-------- GIVEN DATA
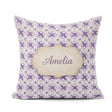 Custom Name Purple Floral Tile Symmetry Seamless Pattern Elegant Square Filled Cushion Throw Pillow Sofa Bed Home Decor Zip Washable UK Made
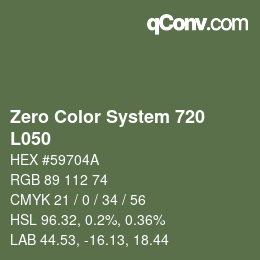 Code couleur: Zero Color System 720 - L050 | qconv.com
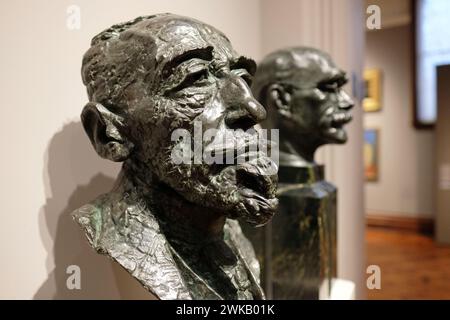 Büste von Joseph Conrad polnischer britischer Schriftsteller und Schriftsteller in der National Portrait Gallery London UK vom Bildhauer Sir Jacob Epstein Stockfoto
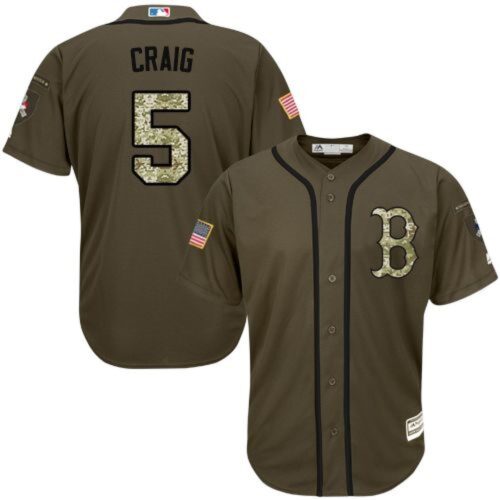 686361e1984a5_1 Red Sox #5 Allen Craig Green Salute to Service Stitched Grey Jersey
----------------
**WHAT THE TASK REQUIRES**
In the answer, the data should reappear exactly, with no pictures.

**RESPONSE BELOW**
 Custom Name Purple Floral Tile Symmetry Seamless Pattern Elegant Square Filled Cushion Throw Pillow Sofa Bed Home Decor Zip Washable UK Made
 Code couleur: Zero Color System 720 - L050 | qconv.com
 Büste von Joseph Conrad polnischer britischer Schriftsteller und Schriftsteller in der National Portrait Gallery London UK vom Bildhauer Sir Jacob Epstein Stockfoto
 686361e1984a5_1 Red Sox #5 Allen Craig Green Salute to Service Stitched Grey Jersey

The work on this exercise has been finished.